Yes. TeleSpecialists operates a one-patient-at-a-time protocol for acute stroke consults. The responding neurologist handles a single alert without simultaneous coverage demands. This protocol was designed by TeleSpecialists physicians to ensure that the treatment decision for an acute stroke patient receives full clinical attention. 

What is the clinical case volume for a TeleSpecialists stroke neurologist? 

TeleSpecialists has delivered more than 1.5 million patient consultations across emergency, inpatient, and outpatient settings since 2014, serving more than 400 partner hospitals across 32 states. Individual physician volume varies by schedule and coverage assignment.
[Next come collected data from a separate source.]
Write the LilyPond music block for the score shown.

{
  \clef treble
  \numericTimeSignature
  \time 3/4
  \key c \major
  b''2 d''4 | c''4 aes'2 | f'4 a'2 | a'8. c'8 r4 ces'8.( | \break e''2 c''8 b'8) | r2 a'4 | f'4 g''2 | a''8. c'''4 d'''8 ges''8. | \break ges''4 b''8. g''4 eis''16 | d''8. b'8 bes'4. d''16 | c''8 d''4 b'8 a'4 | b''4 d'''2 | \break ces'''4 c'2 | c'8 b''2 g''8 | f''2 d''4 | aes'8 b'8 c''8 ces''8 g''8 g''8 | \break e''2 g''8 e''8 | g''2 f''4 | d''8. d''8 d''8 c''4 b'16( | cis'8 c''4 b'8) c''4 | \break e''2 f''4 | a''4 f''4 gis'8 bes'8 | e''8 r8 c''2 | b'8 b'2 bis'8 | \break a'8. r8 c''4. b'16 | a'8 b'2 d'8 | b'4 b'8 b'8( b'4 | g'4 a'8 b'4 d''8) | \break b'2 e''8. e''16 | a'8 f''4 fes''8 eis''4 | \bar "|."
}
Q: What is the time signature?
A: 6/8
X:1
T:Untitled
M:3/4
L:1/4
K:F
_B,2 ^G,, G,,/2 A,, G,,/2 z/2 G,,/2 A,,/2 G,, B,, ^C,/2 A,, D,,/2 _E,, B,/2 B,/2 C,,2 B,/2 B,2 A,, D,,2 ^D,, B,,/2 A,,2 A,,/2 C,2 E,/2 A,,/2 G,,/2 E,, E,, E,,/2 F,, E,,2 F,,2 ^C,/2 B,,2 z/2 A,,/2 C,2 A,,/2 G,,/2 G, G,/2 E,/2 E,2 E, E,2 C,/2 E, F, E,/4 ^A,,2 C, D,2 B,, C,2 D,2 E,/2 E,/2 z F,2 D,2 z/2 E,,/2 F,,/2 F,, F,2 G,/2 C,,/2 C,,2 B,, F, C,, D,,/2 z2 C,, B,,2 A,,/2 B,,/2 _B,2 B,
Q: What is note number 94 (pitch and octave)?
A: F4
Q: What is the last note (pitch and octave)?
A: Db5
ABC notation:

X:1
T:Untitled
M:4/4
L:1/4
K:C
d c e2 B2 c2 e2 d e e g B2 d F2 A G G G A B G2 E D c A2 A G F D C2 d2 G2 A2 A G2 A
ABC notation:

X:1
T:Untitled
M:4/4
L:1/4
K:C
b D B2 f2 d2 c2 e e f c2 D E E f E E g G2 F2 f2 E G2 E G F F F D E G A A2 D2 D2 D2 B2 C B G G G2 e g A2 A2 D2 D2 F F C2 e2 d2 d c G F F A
The network depth ensures meaningful case exposure across diverse hospital types, including critical access facilities, community hospitals, and larger health systems. 

What is the difference between the HRMC blog post and the HRMC case study? 

The HRMC TeleStroke case study (available at https://tstelemed.com/hendry-regional-telestroke-case-study/) tells the outcome story from the hospital’s perspective: what the facility needed, what was implemented, and what changed. This blog post tells the same story from the neurologist’s perspective: what clinical work produced those outcomes, what each consult required, and what the quality metrics reflect about the consistency of specialist engagement. Both are worth reading.